After all, most of us were still learning how to crawl (or hadn't even been born yet) when Broussard was already mastering the art of beat mixing and juggling breaks. This was right at the beginning of the '80s, when he helped kick-start the West Coast hip-hop scene as a DJ with L.A.'s legendary Uncle Jamm's Army collective.
Of course, Egyptian Lover's biggest contributions to the development of old-school electro were in the studio. He would release some of the very first West Coast rap records, while honing his signature 808 bass-infused electronic funk on chart-topping albums like 1984's On The Nile.
Lucky for us, Egyptian Lover is still very much active in 2013. He's even working on a new album. And since Miami is the undisputed booty bass capital of the world, that pretty much makes his arrival for Nightdrive Miami's Scaramouche party at The Vagabond a homecoming. Show him some 305 love this Saturday with a good round of ass-clapping.
Crossfade: You started DJing in 1979, when it was still a relatively new art form. How did you first get into it? Did you have any mentors or role models in the beginning?
Egyptian Lover: When I used to go out and party, I went to the Uncle Jamm's Army parties, and the DJs played the best music. There was this one DJ named Bleeps that used to be really good starting the record over, making the song sound like an instrumental. I had to learn how to do that. This inspired me to become a DJ. I fell in love with the party scene and the music.

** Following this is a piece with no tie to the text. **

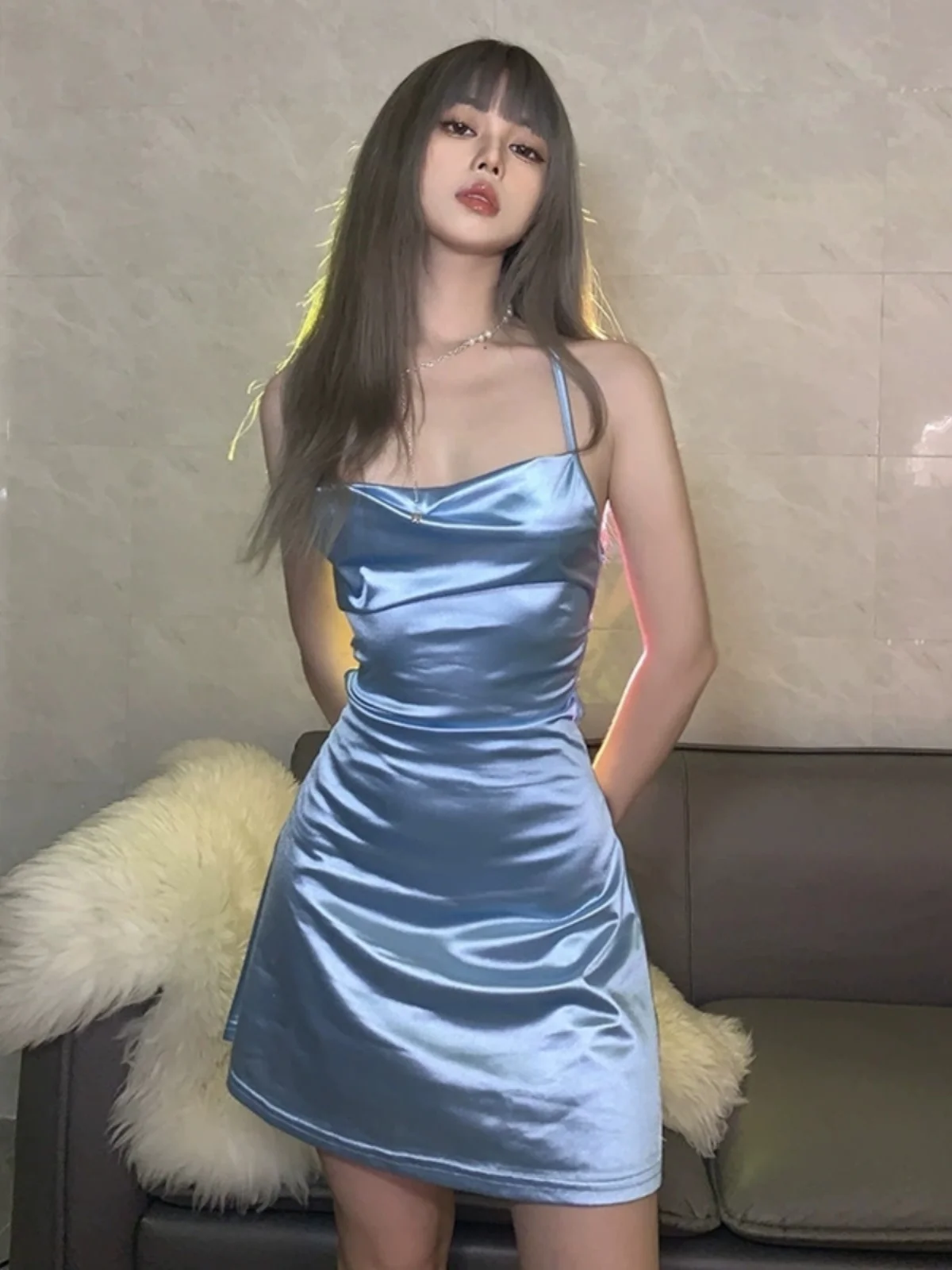 

Sexy Blue Strapl Satin Dr Waist Cinched Bal Design Trendy ort Skirt for Date Comfortable Soft Polyester Fabric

What was the early hip-hop scene in L.A. like when you were first performing with Uncle Jamm's Army? What are some of your favorite memories of those days? And what do you miss the most?
I loved the beginning of hip-hop, and being a part of it still blows me away. Making that uptempo dance music for the L.A. freaks to dance to was my goal. All the Uncle Jamm party freaks would dance "the freak" to every record. Playing Prince and all those "Planet Rock"-type songs would always keep the party going. I miss finding those records at the record stores and playing them first in L.A. Searching for records was the best part of being a DJ.

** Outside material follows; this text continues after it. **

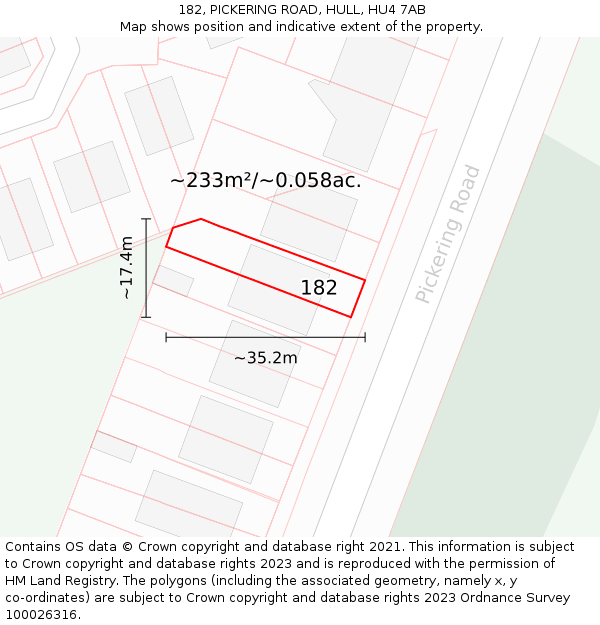 182, PICKERING ROAD, HULL, HU4 7AB: Plot and title map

As a pioneer of West Coast hip-hop, how much of what you were doing as a DJ-producer in those early days do you think was directly influenced by the original East Coast hip-hop scene? And how much of it do you think was experimental and attempting to create a unique West Coast sound?
I was influenced by Kraftwerk and the song "Planet Rock" -- never knew where it came from. I was never one to say East Coast/West Coast -- I loved the world, Planet Earth! So when I heard good music, it was just good music. Like Cybotron, Pretty Tony, Hashim, Planet Patrol, Jonzun Crew, Twilight 22 -- it was just good music to dance to. I didn't research where it came from. I just liked it! The music I made was made for the Uncle Jamm's party crowd, but grew to become bigger records than I ever could possibly dream they would become. I created the Egyptian Lover sound, I never thought it would be the "West Coast sound." I still create songs with my sound even today. It's just what I like to hear: a combination of all the records I used to play when I was DJing for Uncle Jamm.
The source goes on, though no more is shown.